Intervention: total-body irradiation (Radiation); fludarabine phosphate (Drug); cyclosporine (Drug); mycophenolate mofetil (Drug); nonmyeloablative allogeneic hematopoietic stem cell transplantation (Procedure); donor lymphocytes (Biological); peripheral blood stem cell transplantation (Procedure); laboratory biomarker analysis (Other)

Phase: Phase 1/Phase 2

Status: Active, not recruiting

Sponsored by: Fred Hutchinson Cancer Research Center

Official(s) and/or principal investigator(s):
David Maloney, Principal Investigator, Affiliation: Fred Hutchinson Cancer Research Center/University of Washington Cancer Consortium

Summary

This clinical trial studies fludarabine phosphate, low-dose total-body irradiation, and donor stem cell transplant followed by cyclosporine, mycophenolate mofetil, and donor lymphocyte infusion in treating patients with hematopoietic cancer. Giving low doses of chemotherapy, such as fludarabine phosphate, and total body irradiation (TBI) before a donor peripheral blood stem cell transplant helps stop the growth of cancer cells. It may also keep the patient's immune response from rejecting the donor's stem cells. The donated stem cells may replace the patient's immune cells and help destroy any remaining cancer cells (graft-versus-tumor effect). Giving an infusion of the donor's T cells (donor lymphocyte infusion) after the transplant may help increase this effect. Sometimes the transplanted cells from a donor can also make an immune response against the body's normal cells. Giving cyclosporine and mycophenolate mofetil after the transplant may stop this from happening.

Clinical Details

Official title: Induction of Mixed Hematopoietic Chimerism in Patients Using Fludarabine, Low Dose TBI, PBSC Infusion and Post-Transplant Immunosuppression With Cyclosporine and Mycophenolate Mofetil

Study design: Endpoint Classification: Efficacy Study, Intervention Model: Single Group Assignment, Masking: Open Label, Primary Purpose: Treatment

Primary outcome:

Risk of graft rejection defined as the absence of detectable peripheral blood donor T cells with the addition of fludarabine phosphate

Incidence of acute grade II/IV GVHD

Incidence of chronic GVHD

Secondary outcome:

Incidence of myelosuppression (ANC < 500/ul for > 2 days, platelets < 20,000/ul for > 2 days) after initial PBSC infusion

Response of malignancy to DLI

Incidence of aplasia after DLI

Dose of CD3+ cells required to convert mixed to full lymphoid chimeras

Incidence of non-relapse mortality

Detailed description: PRIMARY OBJECTIVES: I. To estimate the risk of graft rejection associated with the addition of fludarabine (fludarabine phosphate) to a non-myeloablative conditioning regimen for patients with malignant diseases treatable by allogeneic stem cell transplantation and compare this rate to that observed among patients previously treated without fludarabine.
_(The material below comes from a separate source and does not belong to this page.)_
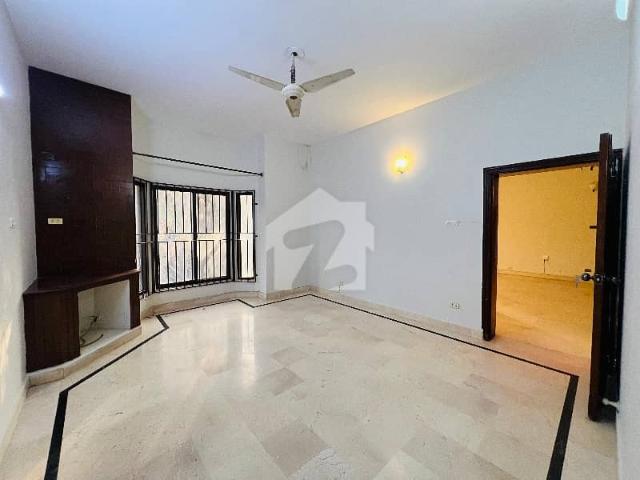 Property for rent in Islamabad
II. To estimate the rate of grade acute II/IV graft-vs-host disease (GVHD) and chronic GVHD in patients treated with low-dose total-body irradiation (TBI), fludarabine, peripheral blood stem cell (PBSC) infusion and immunosuppression with cyclosporine and mycophenolate mofetil. OUTLINE:

CONDITIONING REGIMEN: Patients receive fludarabine phosphate intravenously (IV) on days - 4

to - 2 and undergo low-dose TBI on day 0. (Note: Patients who have had an autologous

transplant within 90 days prior to day 0 will not receive fludarabine phosphate.) PBSC INFUSION: Patients undergo allogeneic PBSC transplant on day 0.

IMMUNOSUPPRESSION: Patients receive cyclosporine orally (PO) twice daily (BID) on days - 3 to

35 with a taper to day 56. Patients receive mycophenolate mofetil PO BID on days 0-27. POST TRANSPLANT DONOR LYMPHOCYTE INFUSION (DLI): Patients with stable mixed chimerism on day 56, and without evidence of GVHD, undergo DLI IV over 30 minutes on day 65. Patients without a complete response, full donor chimerism, and GVHD after 2 months undergo further DLI at higher cell numbers. Up to 6 DLIs may be given 65 days apart. After completion of study treatment, patients are followed up at 4, 6, 12, 18 and 24 months and then annually thereafter.

Eligibility

Minimum age: N/A. Maximum age: 74 Years. Gender(s): Both.

Criteria:

Inclusion Criteria:

- Patients aged > 49 years and < 75 years with non-Hodgkin lymphoma (NHL), chronic

lymphocytic leukemia (CLL) and multiple myeloma who are not eligible for a curative autologous transplantation or who have failed prior autologous transplantation; patients with NHL and CLL must have failed prior therapy with an alkylating agent and/or fludarabine, or be at high risk of relapse; patients with multiple myeloma must have stage II or III disease and received prior chemotherapy

- Patients < 50 years of age with NHL, CLL or multiple myeloma at high risk of regimen

related toxicity through prior autologous transplant or through pre-existing medical conditions

- Patients < 75 years of age with other malignant diseases treatable by allogeneic bone

marrow transplant (BMT) whom through pre-existing chronic disease affecting kidneys, liver, lungs, and heart are considered to be at high risk for regimen related toxicity using standard high dose regimens; the following diseases are the likely candidates:

- Myelodysplastic syndromes

- Myeloproliferative syndromes

- Acute Leukemia with < 10% blasts

- Amyloidosis

- Hodgkin's disease

- Renal cell carcinoma

- Patients with other malignancies declining standard allografts may be approved for

transplant following presentation and approval by the Fred Hutchinson Cancer Research Center (FHCRC) chimerism group

- DONOR:

- Human leukocyte antigen (HLA) genotypically or phenotypically identical related

donor

- Donor must consent to granulocyte colony-stimulating factor (G-CSF)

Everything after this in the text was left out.